The principal of mathematical induction Axiom 2.5 is in the previous chapter, and Tao does not introduce this to his set theory until Axiom 3.8 (Axiom 3.7 in my edition). He does not need this for specific large unions (e.g. those made with a million unions) but he does for arbitrarily large finite numbers of unions.

The same axiom gives him an infinite set $\mathbf N$, but does not yet imply the possibility of a infinite number of unions. Axiom 3.12 (3.11 in my edition) gives this and so arbitrarily large numbers of unions more generally.

Answer 7

Some other previous answers wrongly claim that Tao's excerpt implies that we can prove "there is a set with 2 elements". No. $\{a,b\}$ may not have 2 elements, unless you can prove $a ≠ b$. It's unclear whether Tao himself made this mistake, since his excerpt is actually a bit ambiguous.

Nevertheless, the point is that even if you can write down a property $Q$ and prove that it holds for every explicit natural number (i.e. "$0$" or of the form "$1+\cdots+1$"), it does not imply that you can prove "$∀k{∈}ℕ \ ( \ Q(k) \ )$"!
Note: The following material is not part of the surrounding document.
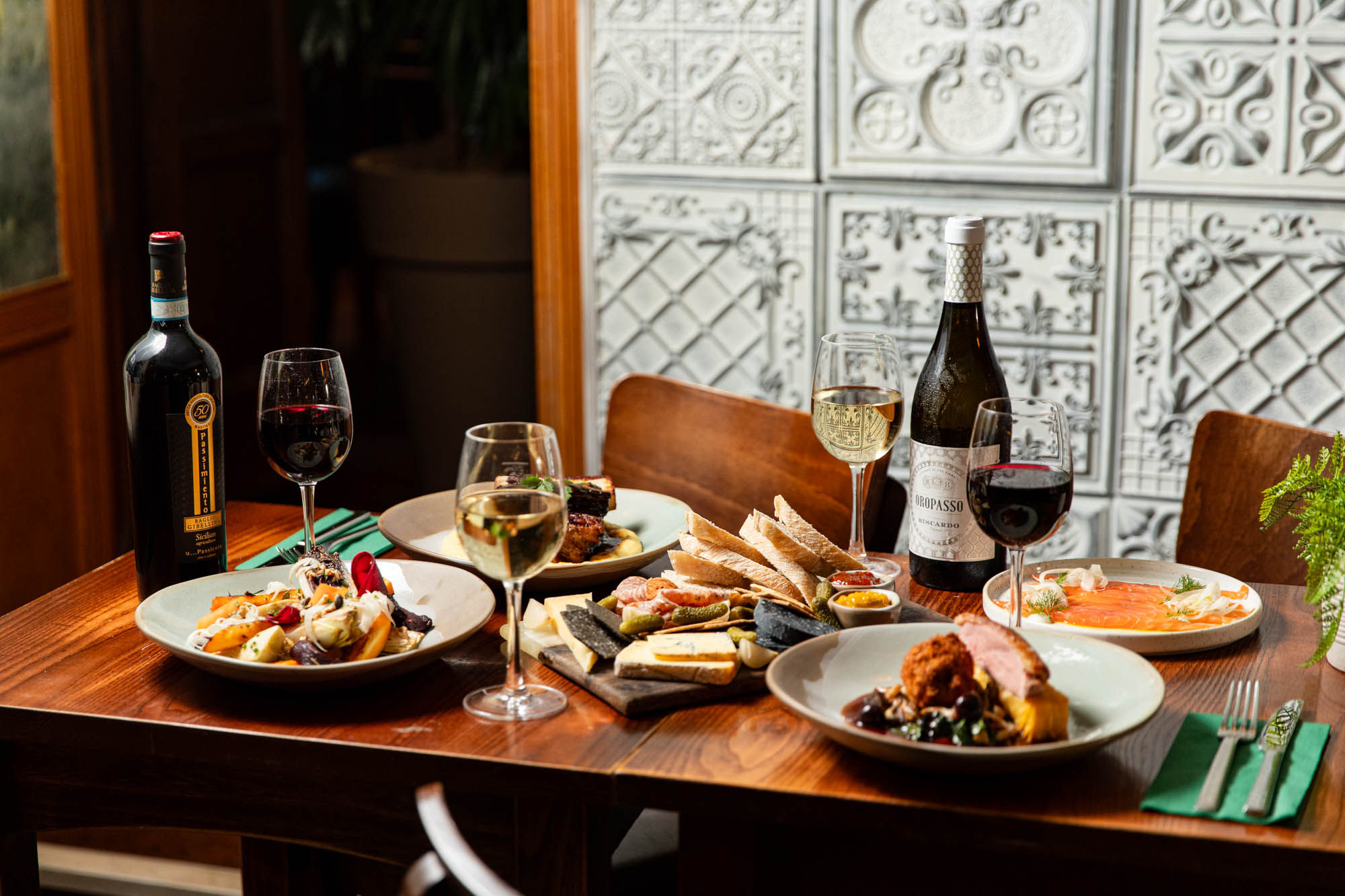 brown wooden table laid out with various dishes and bottle of wines at the Hove Place pub.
That is, it is possible that you can prove "$Q(0)$" and "$Q(1)$" and "$Q(1+1)$" and "$Q(1+1+1)$" and so on, but cannot prove "$∀k{∈}ℕ \ ( \ Q(k) \ )$"! This is not due to any defect in logical reasoning but instead is a fundamental phenomenon. Given any foundational system $F$ for mathematics, which we use for all our proofs, if $F$ can prove all the basic properties of natural numbers (i.e. that $⟨ℕ,0,1,+,·,<⟩$ forms a discrete ordered semiring), then we can in fact write down an explicit property $C$ and prove (within $F$) that $F$ proves "$C(0)$" and "$C(1)$" and "$C(1+1)$" and "$C(1+1+1)$" and so on and either $F$ proves "$0 = 1$" or $F$ cannot prove "$∀k{∈}ℕ \ ( \ C(k) \ )$"! This is a direct consequence of the Gödel-Rosser incompleteness theorem (for which you can read a relatively simple proof here).
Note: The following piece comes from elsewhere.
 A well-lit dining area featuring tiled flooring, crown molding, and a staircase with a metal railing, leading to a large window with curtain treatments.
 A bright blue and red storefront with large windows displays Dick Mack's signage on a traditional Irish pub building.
By the way, relying on "common sense" is often foolish in mathematics; unless you can perform exceptionally clear logical thinking, your "common sense" is likely to be flawed, in which case the easiest way to avoid fallacies is by using rigorous logical reasoning and not intuition.

Answer 8

1. "Any object" does not include any object we can think of (what if it's a paradoxical object?) It includes any object we can show exists by using the axioms we have available.

2. Axiom 3.12 implies Axiom 3.5 (if we have the pairing axiom) because if we let $A = \{B, C \}$, then $\cup A = B \cup C$. Axiom 3.5 does not imply Axiom 3.12 but says that if we have two sets their union is a set; Axiom 3.12 says that if we have a set $A$, the set made by taking the union of all the elements of $A$ is a set.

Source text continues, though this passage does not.